White Lawrence M, Atinga Angela, Naraghi Ali M, Lajkosz Katherine, Wunder Jay S, Ferguson Peter, Tsoi Kim, Griffin Anthony, Haider Masoom
Department of Medical Imaging, University of Toronto, Toronto, ON, Canada.
Joint Department of Medical Imaging, Mount Sinai Hospital, University Health Network and Women's College Hospital, Rm 562-A, 600 University Ave, Toronto, ON, M5G 1X5, Canada.
Skeletal Radiol. 2023 Mar;52(3):553-564. doi: 10.1007/s00256-022-04098-2. Epub 2022 Jul 1.
To analyze radiomic features obtained from pre-treatment T2-weighted MRI acquisitions in patients with histologically proven intramedullary high-grade osteosarcomas and assess the accuracy of radiomic modelling as predictive biomarker of tumor necrosis following neoadjuvant chemotherapy (NAC), overall survival (OS), and disease-free survival (DFS).
Pre-treatment MRI exams in 105 consecutive patients who underwent NAC and resection of high-grade intramedullary osteosarcoma were evaluated. Histologic necrosis following NAC, and clinical outcome-survival data was collected for each case. Radiomic features were extracted from segmentations performed by two readers, with poorly reproducible features excluded from further analysis. Cox proportional hazard model and Spearman correlation with multivariable modelling were used for assessing relationships of radiomics features with OS, DFS, and histologic tumor necrosis.
Study included 74 males, 31 females (mean 32.5yrs, range 15-77 years). Histologic assessment of tumor necrosis following NAC was available in 104 cases, with good response (≥ 90% necrosis) in 41, and poor response in 63. Fifty-three of 105 patients were alive at follow-up (median 40 months, range: 2-213 months).
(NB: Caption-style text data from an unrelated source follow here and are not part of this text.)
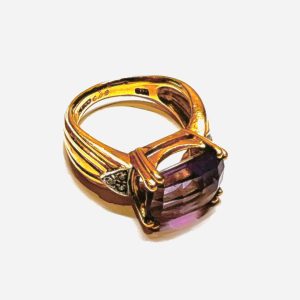 K18 Pt900 (18金 プラチナ900) アメジスト リング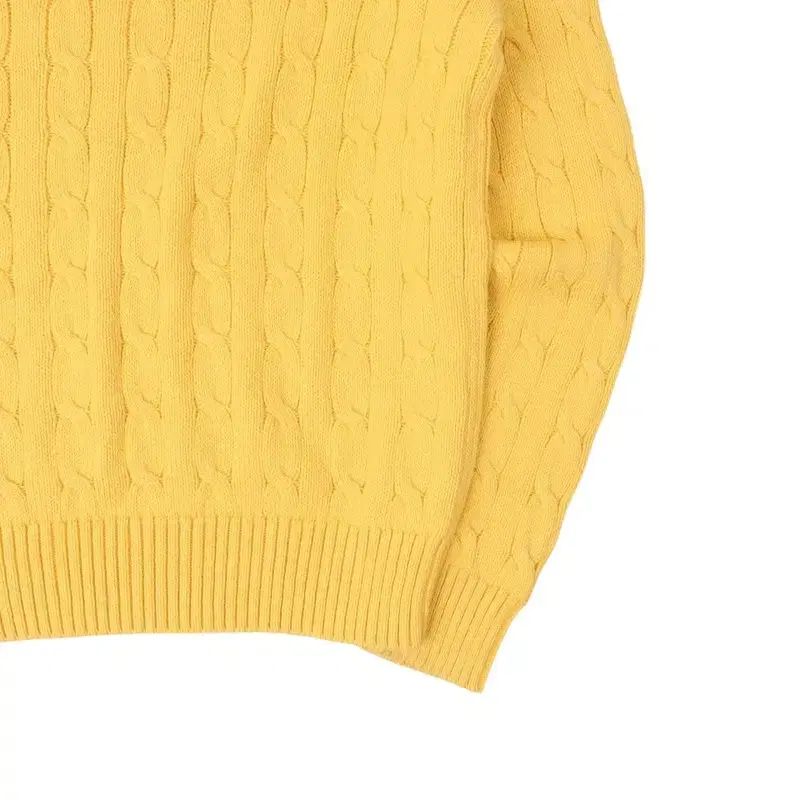 ポロラルフローレン イエロー ケーブルニットセーター - メルカリ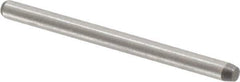 Made in USA - 1/16" Diam x 7/8" Pin Length 416 Stainless Steel Precision Dowel Pin - Passivated Finish, C 36-42 Hardness, 2 Beveled End - Industrial Tool & Supply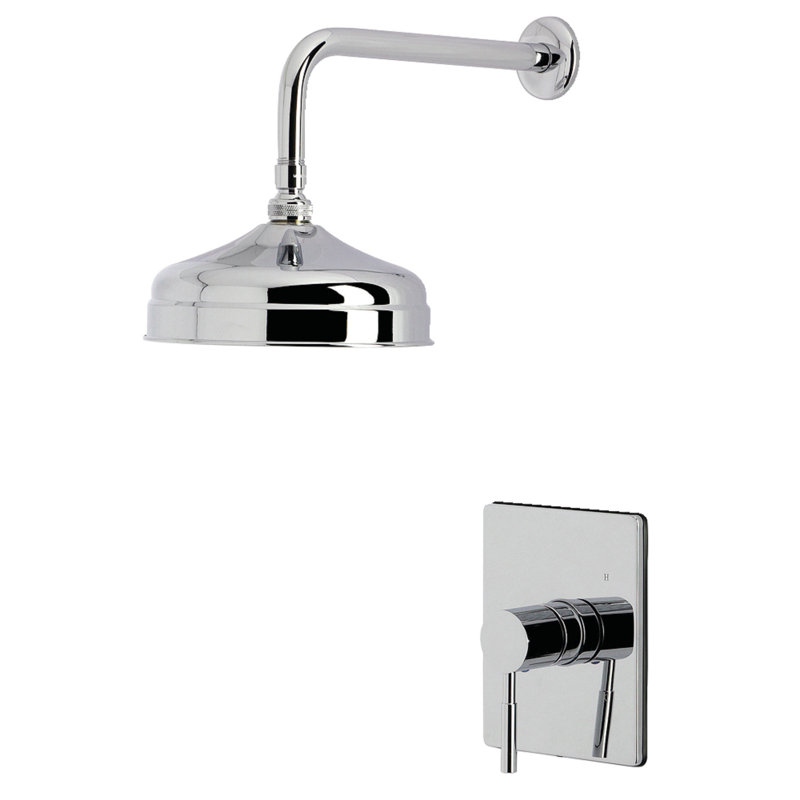 Robinet de douche Kingston à pression équilibrée à poignée simple Kingston Brass, Chrome poli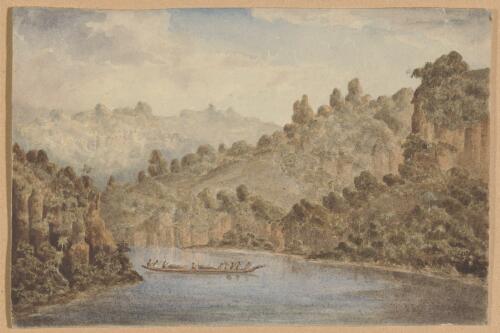 Wanganui River N.Z., 1847 [picture] / W.T.P
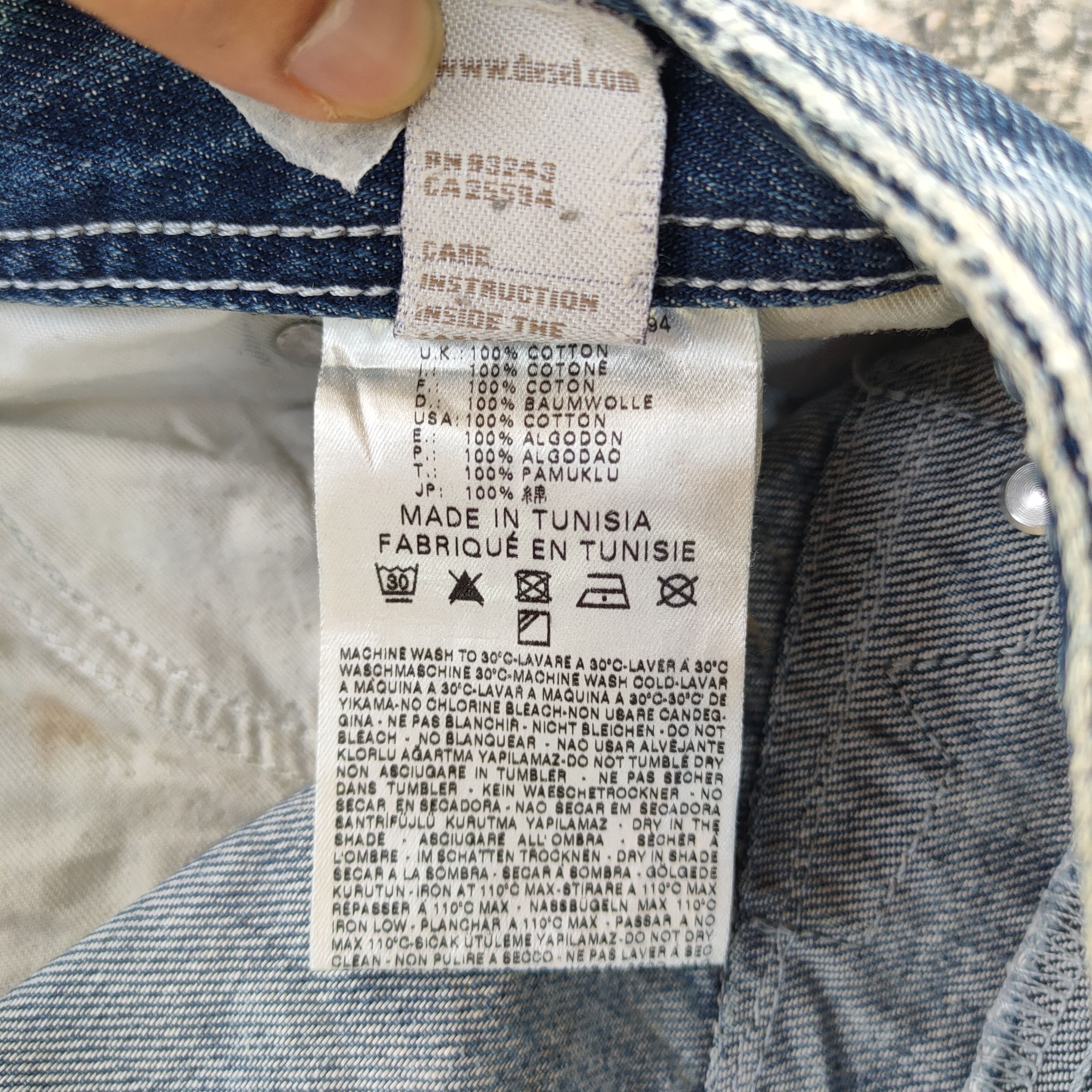 Diesel × Rusty VINTAGE DIESEL RUSTY MUD WASHED FADED JEANS DENIM PANTS Size US 31 - 13 Thumbnail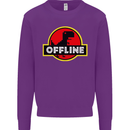 Offline Funny Gamer Gaming Mens Sweatshirt Jumper Purple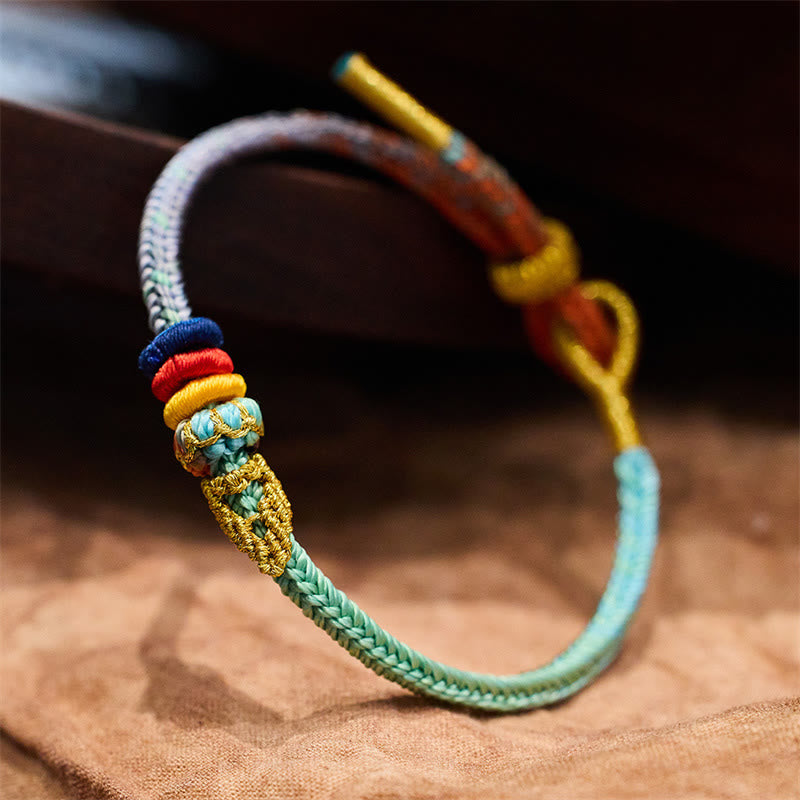 Buntes Seil Achtfaden Friedensknoten Spirituelles Armband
Median OS was 89 months. Excluding 14 patients with metastases at presentation, median DFS was 19 months. Eleven radiomics features were employed in final radiomics model predicting histologic tumor necrosis (mean AUC 0.708 ± 0.046). Thirteen radiomic features were used in model predicting OS (mean concordance index 0.741 ± 0.011), and 12 features retained in predicting DFS (mean concordance index 0.745 ± 0.010).
T2-weighted MRI radiomic models demonstrate promising results as potential prognostic biomarkers of prospective tumor response to neoadjuvant chemotherapy and prediction of clinical outcomes in conventional osteosarcoma.
分析经组织学证实的髓内高级别骨肉瘤患者治疗前T2加权MRI图像获取的影像组学特征,并评估影像组学模型作为新辅助化疗(NAC)后肿瘤坏死、总生存期(OS)和无病生存期(DFS)预测生物标志物的准确性。
对105例连续接受NAC及高级别髓内骨肉瘤切除术的患者的治疗前MRI检查进行评估。收集每例患者NAC后的组织学坏死情况及临床结局生存数据。由两名阅片者对图像进行分割并提取影像组学特征,将重复性差的特征排除在进一步分析之外。采用Cox比例风险模型以及Spearman相关性和多变量建模来评估影像组学特征与OS、DFS及组织学肿瘤坏死之间的关系。
研究纳入74例男性、31例女性(平均32.5岁,范围15 - 77岁)。104例患者有NAC后肿瘤坏死的组织学评估结果,其中41例反应良好(坏死≥90%),63例反应较差。105例患者中有53例在随访时存活(中位时间40个月,范围:2 - 213个月)。中位OS为89个月。排除14例初诊时伴有转移的患者后,中位DFS为19个月。最终的影像组学模型采用11个影像组学特征预测组织学肿瘤坏死(平均AUC 0.708±0.046)。13个影像组学特征用于预测OS的模型(平均一致性指数0.741±0.011),12个特征用于预测DFS的模型(平均一致性指数0.745±0.010)。
T2加权MRI影像组学模型作为传统骨肉瘤新辅助化疗前瞻性肿瘤反应及临床结局预测的潜在预后生物标志物显示出有前景的结果。